While this study has a number of positive features, such as the methodological design to minimize risk of bias and a focus on disorders that are highly neglected in clinical trials research, several limitations should also be considered. First, both trichotillomania and skin-picking disorder appear to be chronic diseases that likely require treatment beyond 8 weeks (full remission of all symptoms was uncommon in the present study). Longer-term effects of memantine treatment thus require evaluation.
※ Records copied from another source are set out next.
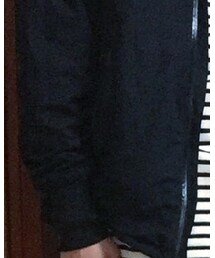 narifuri | ナイロンジャケット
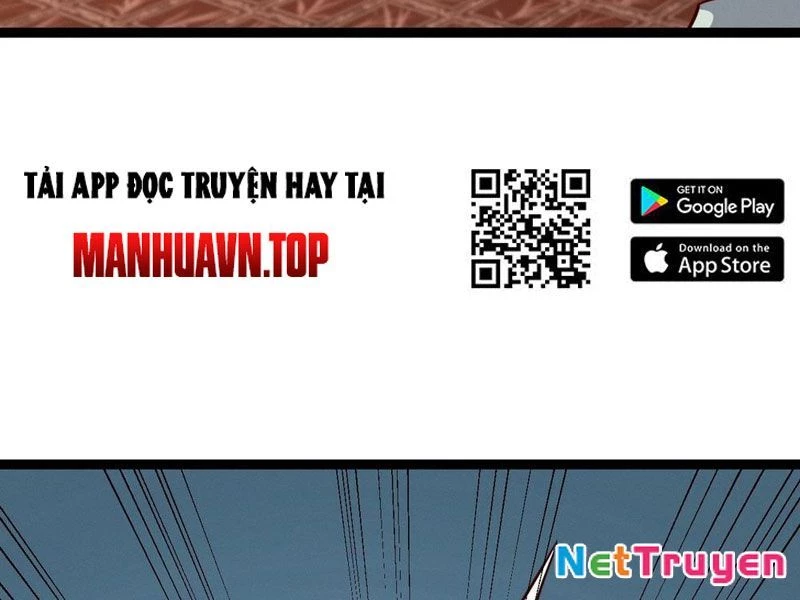 Chính Nghĩa Không!! Ta Trở Thành Phản Diện Chapter 130 - Trang 2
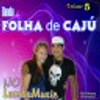 Foto de: Folha de Caju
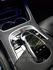 S350d/總代理/23P/盲點/摸門/氣氛燈/衛星導航/倒車顯影/電動座椅/電尾門  第14張縮圖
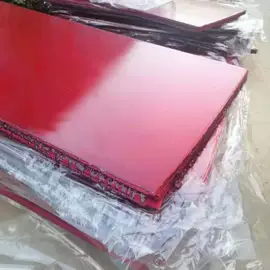 绝缘板;其他塑料棒;其他绝缘材料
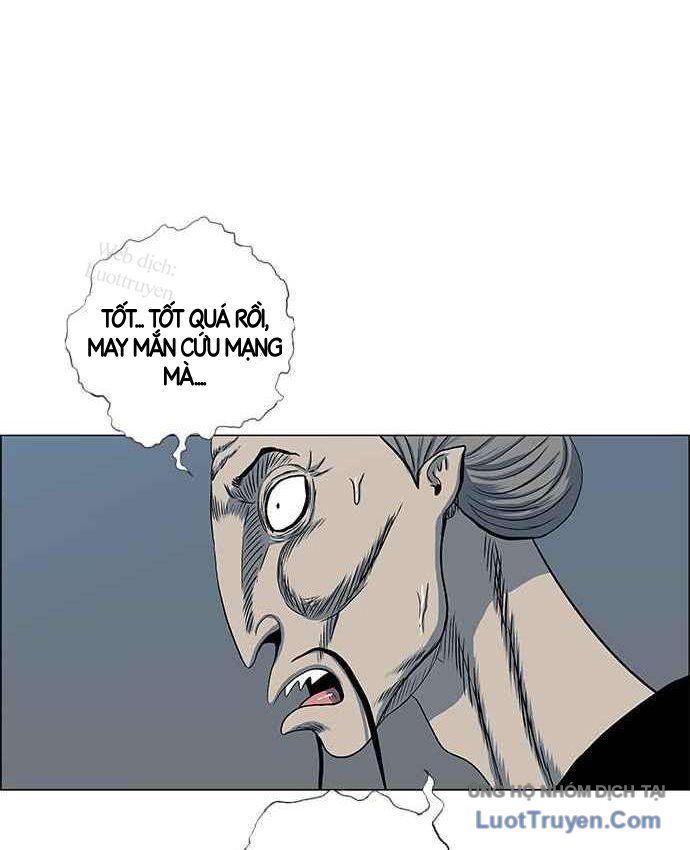 Anh Trai Tôi Là Hổ Chapter 152 - 64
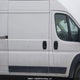 3C6LRVDG5PE532859 2023 Ram Promaster 2500 2500 High auction photo thumbnail 14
Second, we used scales originally created for trichotillomania to assess skin-picking disorder symptoms. Although there are other skin-picking disorder symptom scales, we chose to modify the trichotillomania scales to be able to assess both groups (including those with both disorders) in a single clinical trial setting, which we believe to be a valuable, useful, pragmatic approach. Although the modified scales lack prior psychometric analyses, they provide good face validity, as trichotillomania and skin picking share numerous phenomenological features. The scales ask the same types of questions, which are clinically relevant to both disorders, such as amount of time picking/pulling, urges to pick/pull, and associated distress. Furthermore, there was no significant effect of diagnosis in the analysis using the scales, further supporting their suitability for use in this study.
Third, the average symptom severity for individuals in this study was mild to moderate, and therefore future clinical trials should examine medication effects in individuals with more severe symptoms. At the same time, we observed evidence of significant symptom benefit even in more severe cases in a secondary analysis. Fourth, all study visits were conducted virtually, and while we believe this approach reduced the overall placebo response rate, it may have made detailed physician assessments of skin damage and hair loss more difficult. Participants were, however, examined virtually for hair loss and severity of excoriations, and this became part of the assessment for overall severity. Fifth, CBT has shown benefit for trichotillomania and skin-picking disorder and should be considered in conjunction with medication; it is nevertheless important to first establish efficacy for medication or therapy separately in clinical trials before then exploring sequencing and combined approaches. Finally, we did not examine the optimal memantine dosage; whether some individuals would have responded to a higher dosage merits further evaluation.